I am the the author of https://github.com/dpc/rdedup, which is data deduplication engine / backup tool, that has reached level of maturity and functionality comparable to more estabilished alternatives in different programming languages. @phillipCouto is the biggest contributor to rdedup.

So my question would be: would you be interested in cooperating? There is no need to commit to anything (like time that we are all probably always short on).

In practical terms: for starter, we could create a github community around data/data deduplication for Rust. I would move rdedup under that ubrella. On top of that we could work on combining all three libraries under more broad "data deduplication algorithms" (rollsum, CDC, etc.) .

We could ping other authors of backup and data tools in Rust, have an IRC channel etc. just like other topic-center communities (gamedev/graphic, embedded, webdev, networking, etc) do.

One way, or another, thanks for your attention and all the good work!

dpc commented 7 years ago

@remram44 is the author of https://github.com/remram44/adler32-rs , which seems to be used by https://gitlab.wellbehavedsoftware.com/well-behaved-software/rzbackup .

aidanhs commented 7 years ago

@dswd is the author of https://github.com/dswd/zvault which has a few chunking implementations at https://github.com/dswd/zvault/tree/master/chunking/src

aidanhs commented 7 years ago

I'd be ok with a shared org, my interest is more around the algorithms rather than tools.

I can imagine different people wanting different things from their tools though, so maybe it makes sense to keep them separate? Though then there would only be one crate under the org, the one containing the algorithms (and maybe my rollsum testing/benching repo at https://github.com/aidanhs/rollsum-tests?).

I don't particularly have strong opinions, but it would be nice to deduplicate some of the work here ;)

remram44 commented 7 years ago

Indeed a few of those crates are implementing the same thing. I agree that it would be best to have at least a common interface or trait for chunking algorithms, so we all speak the same language.

Looking over the APIs for the crates you linked, none of them seem general enough.
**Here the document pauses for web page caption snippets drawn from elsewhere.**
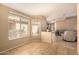 This bright living room offers an open floor plan to the kitchen and a large window for natural light at 1347 E Vernoa St, San Tan Valley, AZ 85140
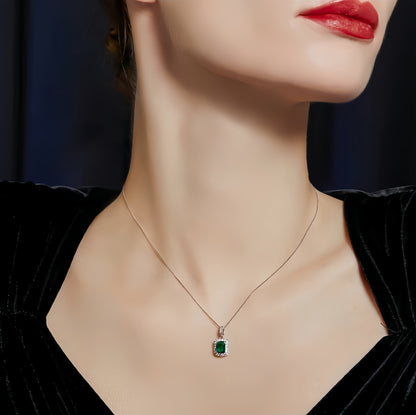 Aeterna Jewelry emerald pendant styled on model in black velvet dress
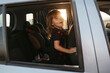 © Irina Polonina/Stocksy - A little girl sitting in a car.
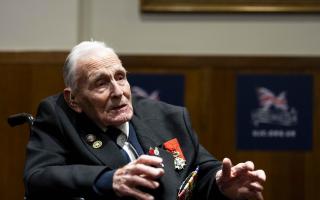 D-Day veteran John Dennett, 99, from Liverpool, who served with the Royal Navy on board LST 322 offloading troops and heavy equipment at Sword Beach, and returning injured troops and prisoners to Portsmouth
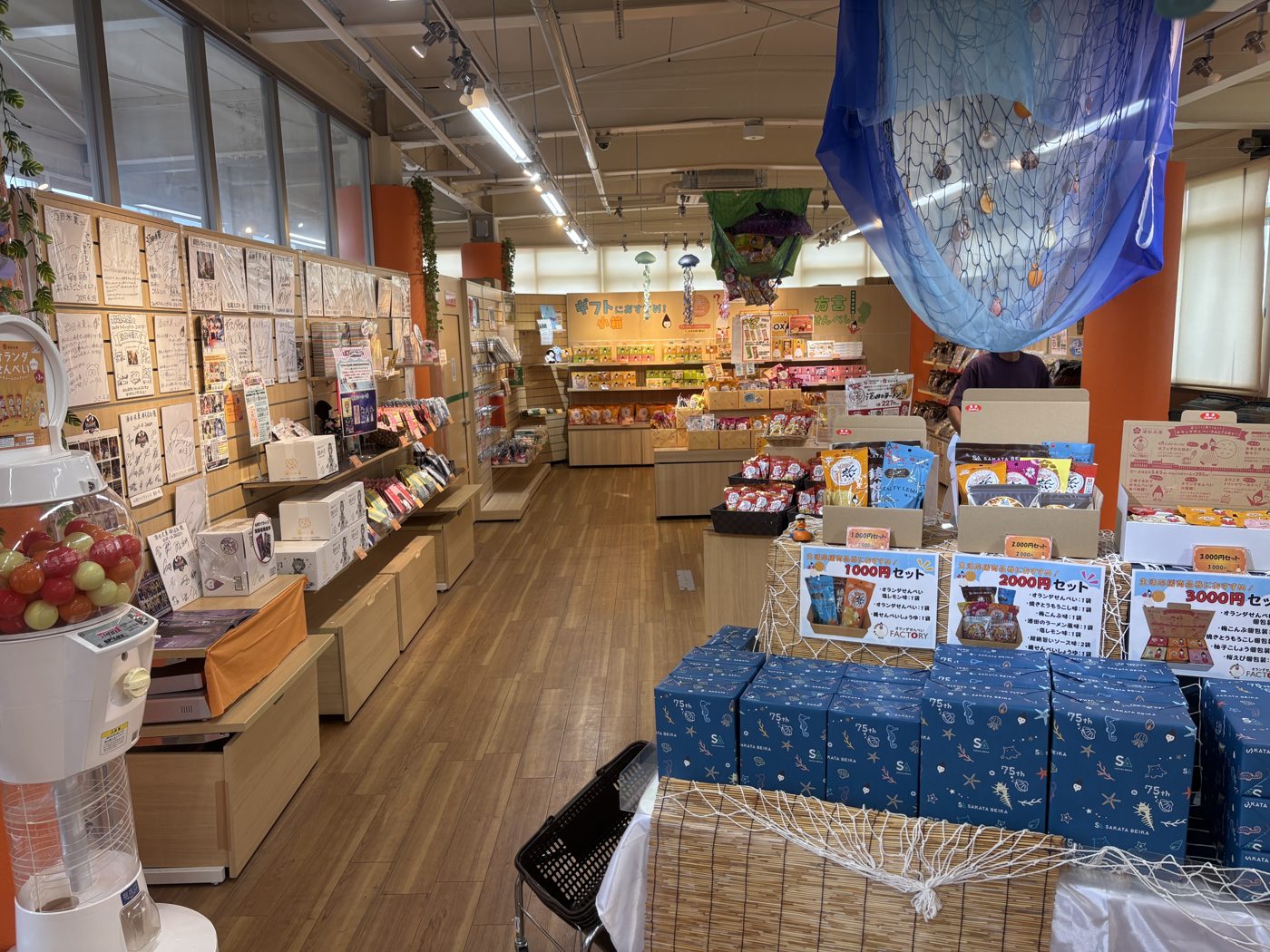 オランダせんべいFACTORYのお土産品販売所。棚に商品が並び、手前に金額べつのセットが積まれている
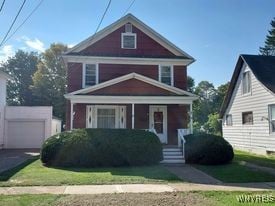 view of front facade with a garage and covered porch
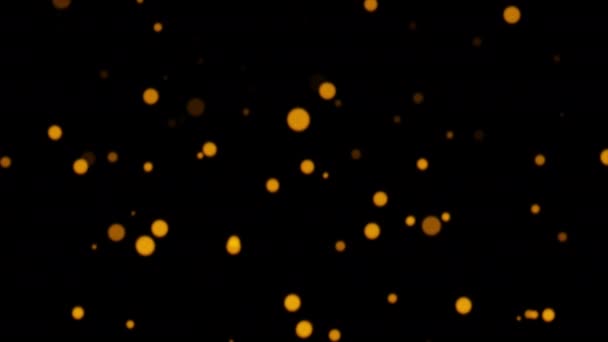 Işıldayan Turuncu Bokeh Parçacıklarının Döngü Hareketlerinin Grafikleri Siyah Soyut Arkaplanda — Stok video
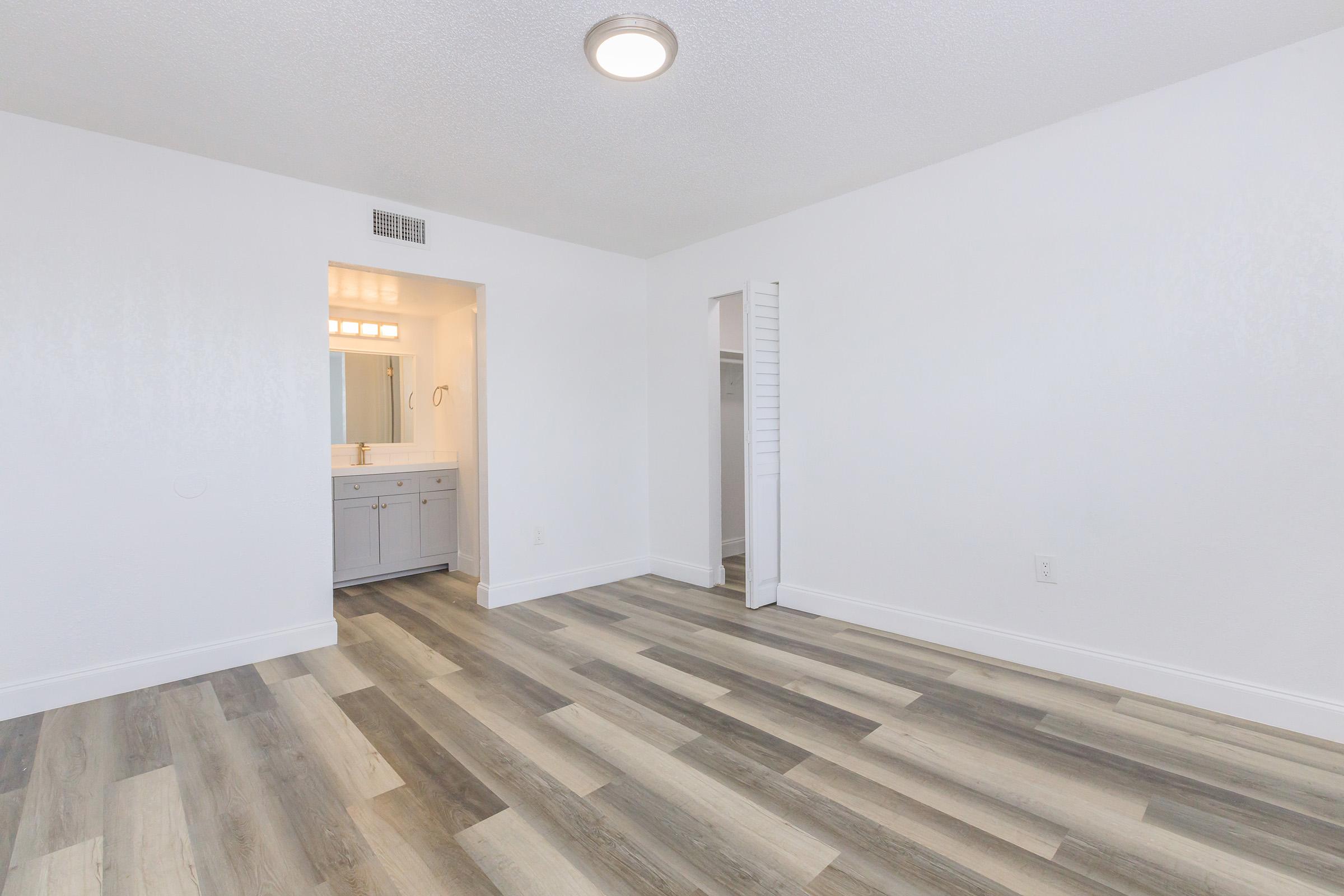 A spacious and well-lit room featuring light-colored walls and a wooden floor. There is a doorway leading to a bathroom with a vanity, and another closet space visible on the side. The overall ambiance is fresh and modern, perfect for various furniture arrangements.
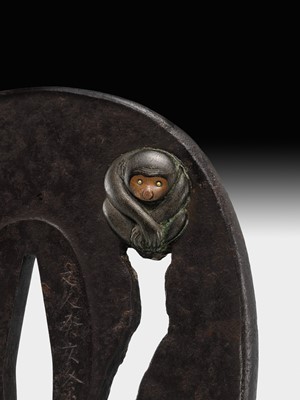 Lot 60 - AN IRON SUKASHI TSUBA WITH MONKEY, DATED 1863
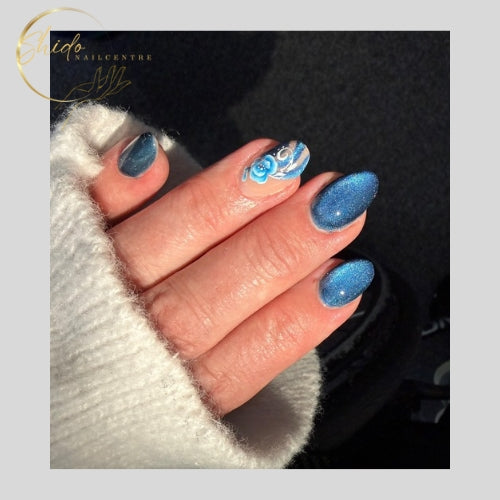 Blauwe cateye-nagels met magnetisch diepte-effect met helder blauwe glans. Luxe blauwe manicure met velvet finish. Op almond nagels met one stroke bloem op ringvinger.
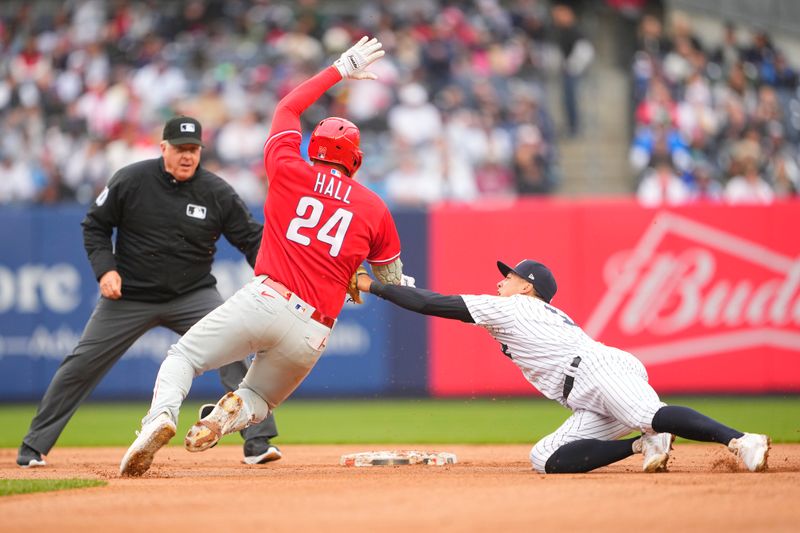 Apr 5, 2023; Bronx, New York, USA; New York Yankees shortstop Anthony Volpe (11) tags out Philadelphia Phillies first baseman Darick Hall (24) trying to stretch a single into a double during the fourth inning at Yankee Stadium. Mandatory Credit: Gregory Fisher-USA TODAY Sports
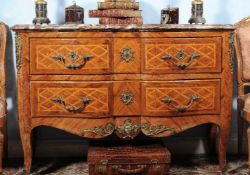 ϒ A kingwood, tulipwood and bois satine serpentine commode, in Louis XV/XVI transitional style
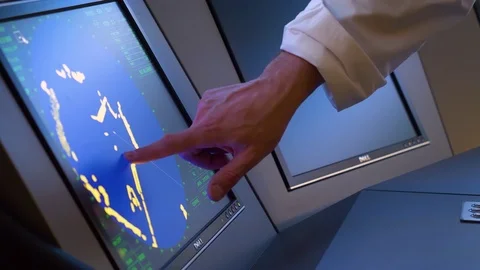 A ships navigator pointing towards a digital radar screen during a Stock Footage 107088273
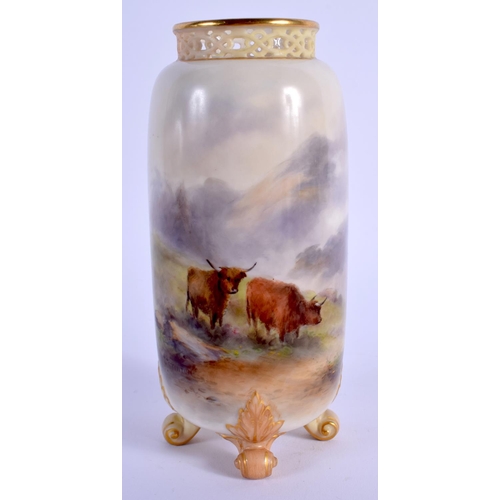 94 - A ROYAL WORCESTER VASE with pierced neck supported on for feet, painted with Highland Cattle by H. S... 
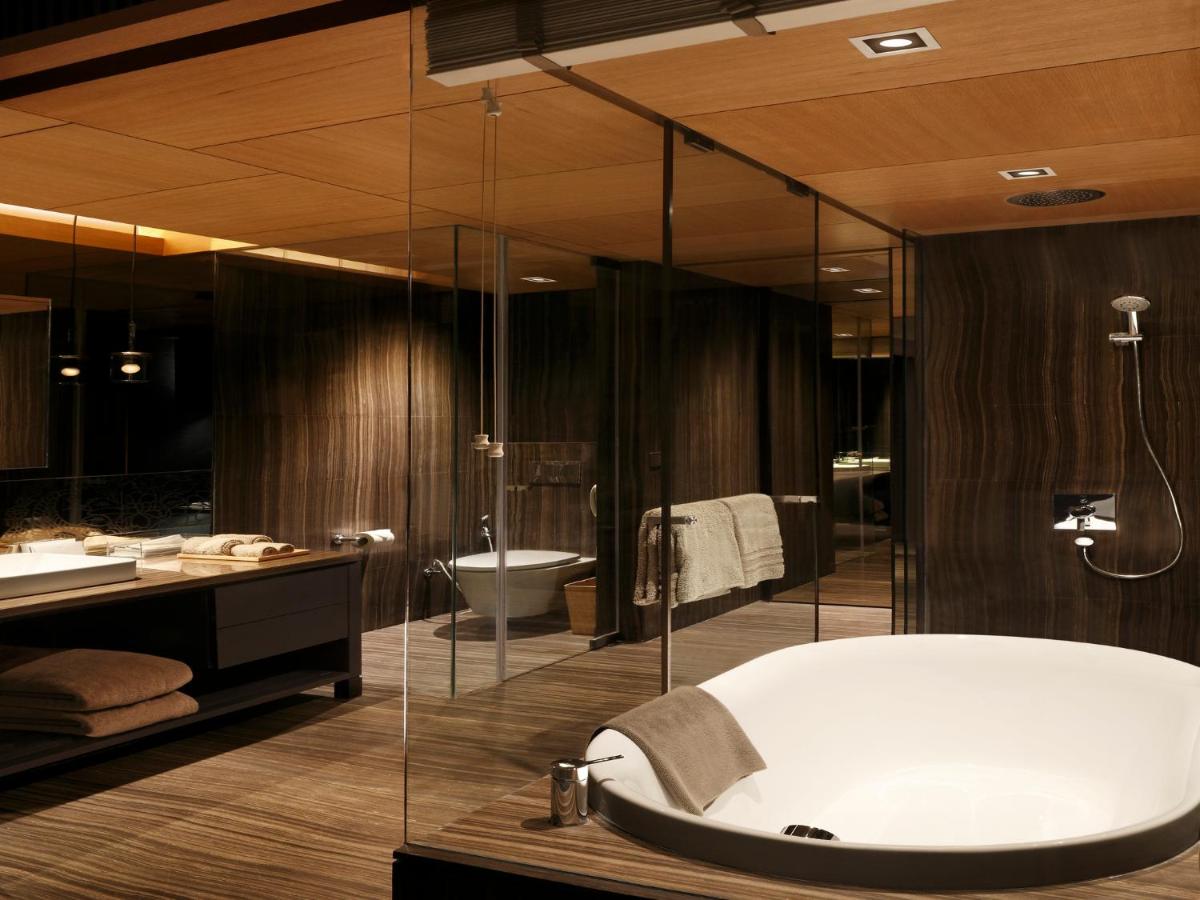 a bathroom with a tub and a shower and a sink at Roseate House New Delhi in New Delhi a bathroom with a tub and a shower and a sink at Roseate House New Delhi in New Delhi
My use case is iterating on chunks streamed out of a Read object (without reading the whole thing to memory first).

Interestingly enough I have another implementation here which is used like this (you can see it reuses the buffer, and never holds more than BUF_SIZE at once in memory).

It's good to see an organized effort happening here!

RAOF commented 7 years ago

I think there are at least two top-level traits here (not actual Rust):

trait ZeroCopyChunker {
    type OutputIterator : Iterator<Item = &[u8]>;
    fn chunk(data : &[u8]) -> Self::OutputIterator
}

and

trait Chunker {
    type InnerOutputIterator : Iterator<Item = u8>;
    type OutputIterator : Iterator<Item = Self::InnerOutputIterator>;
    fn chunk<T : Iterator<Item = u8>>(data : T) -> Self::OutputIterator
}

The former allows zero-copy slicing up a buffer into its component chunks, but requires a contiguous buffer to start with, the latter is more general and allows a finer-grained input buffer.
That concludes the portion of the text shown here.